Watergate prosecutor: New indictments are 'first step toward impeachment'
“Donald Trump has not lived up to his constitutional duty to protect America.”
Special counsel Robert Mueller’s indictment of 13 Russians connected to the Trump campaign raises fresh questions about who in America, and potentially the campaign itself, gave the Kremlin inside help in disrupting the U.S. presidential election.
The indictments upend Trump’s attempts to smear the Russia investigation as a “witch-hunt.” And as former Watergate assistant special prosecutor Jill Wine-Banks told MSNBC’s Chris Hayes Monday night, they also point to a “dereliction of duty” on Trump’s part to protect the nation.
And that, she says, is “an impeachable offense.”
“Donald Trump has not lived up to his constitutional duty to protect America,” said Wine-Banks. “And we have a real threat to democracy with the interference in our elections. And we need some leadership here.”
“Donald Trump should be asking Congress to pass new legislation that will protect the 2018 election. And he has done absolutely nothing, he has been totally silent on this,” she continued. “In fact, if anything, he has, despite his recent statements that, well, it could have been Russia, he has many times said it’s not even Russia. And we need him to take some responsibility for this.”
Wine-Banks concluded, “I think that this is the first step toward an impeachment, because this is an impeachable offense.”
“The dereliction that you see here?” Hayes pressed her.
“It is a dereliction of duty, absolutely.”
Even though Trump has recently seemed to claim that he knew all along Russia interfered with the election, that is not what he said two years ago, or even three days ago.

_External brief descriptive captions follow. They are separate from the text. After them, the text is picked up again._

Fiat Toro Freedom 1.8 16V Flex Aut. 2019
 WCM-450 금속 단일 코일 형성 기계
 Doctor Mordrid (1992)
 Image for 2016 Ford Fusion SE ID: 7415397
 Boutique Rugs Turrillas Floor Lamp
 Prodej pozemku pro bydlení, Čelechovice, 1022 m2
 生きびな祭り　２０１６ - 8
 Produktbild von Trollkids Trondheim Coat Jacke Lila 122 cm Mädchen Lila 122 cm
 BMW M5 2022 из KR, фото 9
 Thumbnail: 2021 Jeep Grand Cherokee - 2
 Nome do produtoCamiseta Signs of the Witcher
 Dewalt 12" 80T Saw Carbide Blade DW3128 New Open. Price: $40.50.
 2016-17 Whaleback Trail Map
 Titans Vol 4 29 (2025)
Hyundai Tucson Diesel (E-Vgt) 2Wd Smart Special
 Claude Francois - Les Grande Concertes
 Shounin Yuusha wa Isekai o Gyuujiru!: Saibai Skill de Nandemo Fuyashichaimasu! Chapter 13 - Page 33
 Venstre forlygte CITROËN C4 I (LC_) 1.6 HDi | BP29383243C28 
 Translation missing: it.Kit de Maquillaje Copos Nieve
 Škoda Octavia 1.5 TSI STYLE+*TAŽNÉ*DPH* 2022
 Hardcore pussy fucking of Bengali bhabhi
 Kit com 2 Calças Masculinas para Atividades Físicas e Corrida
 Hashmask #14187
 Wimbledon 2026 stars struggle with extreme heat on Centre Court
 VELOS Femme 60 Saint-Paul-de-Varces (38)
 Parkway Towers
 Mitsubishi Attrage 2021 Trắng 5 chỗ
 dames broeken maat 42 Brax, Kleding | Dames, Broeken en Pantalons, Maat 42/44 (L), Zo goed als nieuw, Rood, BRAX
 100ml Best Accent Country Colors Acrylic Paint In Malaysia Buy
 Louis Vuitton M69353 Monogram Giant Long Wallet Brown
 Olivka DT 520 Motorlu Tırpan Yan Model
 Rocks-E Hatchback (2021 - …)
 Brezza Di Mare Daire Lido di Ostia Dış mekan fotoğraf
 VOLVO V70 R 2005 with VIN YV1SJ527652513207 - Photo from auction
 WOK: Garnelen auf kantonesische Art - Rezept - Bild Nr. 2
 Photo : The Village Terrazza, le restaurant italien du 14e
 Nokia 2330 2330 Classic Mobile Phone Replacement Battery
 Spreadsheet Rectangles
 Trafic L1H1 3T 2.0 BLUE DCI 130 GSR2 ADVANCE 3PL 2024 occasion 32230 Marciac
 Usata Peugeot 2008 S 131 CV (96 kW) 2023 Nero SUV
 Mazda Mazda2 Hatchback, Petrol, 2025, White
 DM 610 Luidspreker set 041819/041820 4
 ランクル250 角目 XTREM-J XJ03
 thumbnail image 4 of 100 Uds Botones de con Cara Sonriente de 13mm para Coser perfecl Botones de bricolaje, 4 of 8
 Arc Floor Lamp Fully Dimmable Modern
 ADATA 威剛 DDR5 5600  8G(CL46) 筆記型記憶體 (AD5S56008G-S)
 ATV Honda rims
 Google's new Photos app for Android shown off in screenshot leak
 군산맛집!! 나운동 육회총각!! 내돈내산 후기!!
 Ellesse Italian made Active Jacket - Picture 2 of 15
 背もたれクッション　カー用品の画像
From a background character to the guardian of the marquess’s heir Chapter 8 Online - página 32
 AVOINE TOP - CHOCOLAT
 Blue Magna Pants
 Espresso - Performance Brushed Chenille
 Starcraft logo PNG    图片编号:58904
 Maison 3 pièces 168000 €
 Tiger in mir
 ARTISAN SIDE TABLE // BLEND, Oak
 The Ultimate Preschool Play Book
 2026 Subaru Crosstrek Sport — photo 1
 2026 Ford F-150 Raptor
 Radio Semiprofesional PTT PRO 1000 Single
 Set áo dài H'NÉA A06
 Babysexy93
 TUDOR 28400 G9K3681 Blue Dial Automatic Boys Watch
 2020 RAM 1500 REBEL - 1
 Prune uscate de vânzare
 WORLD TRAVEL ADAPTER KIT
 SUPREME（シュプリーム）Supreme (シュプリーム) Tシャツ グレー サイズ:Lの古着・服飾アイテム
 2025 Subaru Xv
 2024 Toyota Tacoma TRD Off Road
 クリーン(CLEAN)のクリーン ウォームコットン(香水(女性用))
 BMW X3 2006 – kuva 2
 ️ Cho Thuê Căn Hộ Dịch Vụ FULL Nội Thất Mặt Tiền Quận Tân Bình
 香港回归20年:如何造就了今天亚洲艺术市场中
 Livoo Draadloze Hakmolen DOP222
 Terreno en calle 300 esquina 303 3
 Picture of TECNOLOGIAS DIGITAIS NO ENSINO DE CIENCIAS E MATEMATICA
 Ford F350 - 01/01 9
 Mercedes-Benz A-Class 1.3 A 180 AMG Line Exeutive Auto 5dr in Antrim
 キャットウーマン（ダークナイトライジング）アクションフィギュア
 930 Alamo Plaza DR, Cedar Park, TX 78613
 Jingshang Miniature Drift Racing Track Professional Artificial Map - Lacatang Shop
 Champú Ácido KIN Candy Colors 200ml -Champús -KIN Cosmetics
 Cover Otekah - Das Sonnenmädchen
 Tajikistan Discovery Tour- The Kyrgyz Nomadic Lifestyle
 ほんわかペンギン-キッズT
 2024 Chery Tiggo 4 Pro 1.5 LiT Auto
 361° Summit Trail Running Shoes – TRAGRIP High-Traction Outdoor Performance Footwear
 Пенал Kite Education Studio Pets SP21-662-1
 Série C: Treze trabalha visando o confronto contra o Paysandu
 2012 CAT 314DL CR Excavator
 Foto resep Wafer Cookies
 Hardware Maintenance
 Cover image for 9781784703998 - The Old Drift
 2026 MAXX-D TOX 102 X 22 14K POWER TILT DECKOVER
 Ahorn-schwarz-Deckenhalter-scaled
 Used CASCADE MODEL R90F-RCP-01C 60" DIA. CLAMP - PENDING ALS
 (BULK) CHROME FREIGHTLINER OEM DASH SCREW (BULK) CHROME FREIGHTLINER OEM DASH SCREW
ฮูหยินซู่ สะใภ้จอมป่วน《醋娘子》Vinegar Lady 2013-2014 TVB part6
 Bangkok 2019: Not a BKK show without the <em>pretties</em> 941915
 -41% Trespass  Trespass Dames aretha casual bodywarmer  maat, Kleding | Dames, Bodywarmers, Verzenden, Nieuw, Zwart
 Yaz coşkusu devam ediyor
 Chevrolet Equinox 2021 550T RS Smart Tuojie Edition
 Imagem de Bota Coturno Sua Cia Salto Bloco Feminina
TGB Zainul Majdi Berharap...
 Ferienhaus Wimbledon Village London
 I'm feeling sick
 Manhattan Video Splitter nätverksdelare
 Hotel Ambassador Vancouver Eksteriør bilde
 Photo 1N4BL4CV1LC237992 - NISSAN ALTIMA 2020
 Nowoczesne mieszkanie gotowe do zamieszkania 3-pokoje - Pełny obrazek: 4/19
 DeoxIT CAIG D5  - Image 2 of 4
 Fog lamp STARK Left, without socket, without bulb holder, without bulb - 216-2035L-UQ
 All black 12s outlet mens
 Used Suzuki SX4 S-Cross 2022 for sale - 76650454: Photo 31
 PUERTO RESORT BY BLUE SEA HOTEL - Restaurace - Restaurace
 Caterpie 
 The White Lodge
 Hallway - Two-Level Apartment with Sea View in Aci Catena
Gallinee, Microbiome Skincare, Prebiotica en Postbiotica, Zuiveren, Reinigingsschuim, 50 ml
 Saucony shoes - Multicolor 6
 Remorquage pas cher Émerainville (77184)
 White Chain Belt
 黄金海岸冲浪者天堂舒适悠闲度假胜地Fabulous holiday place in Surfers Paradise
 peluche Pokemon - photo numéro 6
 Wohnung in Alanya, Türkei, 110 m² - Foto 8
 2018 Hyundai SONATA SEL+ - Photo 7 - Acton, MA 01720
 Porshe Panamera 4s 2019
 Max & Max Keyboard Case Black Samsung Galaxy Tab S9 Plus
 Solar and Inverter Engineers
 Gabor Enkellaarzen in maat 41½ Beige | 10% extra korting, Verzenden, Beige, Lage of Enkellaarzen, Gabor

Moreover, regardless of whether Trump was an active participant in Russia’s interference, the FBI warned him it was going on during the campaign, and he still publicly told the world it was all a fake story.
As president, Trump has done nothing about the threat. He even refused to implement the Russia sanctions passed almost unanimously by Congress last year.
Wine-Banks is not the only Watergate prosecutor appalled at Trump’s conduct. On CNN, Richard Ben-Veniste, another attorney in the investigation, compared Trump to “The Godfather.” And yet another Watergate prosecutor, Nick Ackerman, denounced Trump’s push against Mueller as “a completely evil strategy.”
If indeed Trump knowingly allowed a foreign power to attack the central institutions of our country, then Wine-Banks is right: The time to discuss impeachment is now.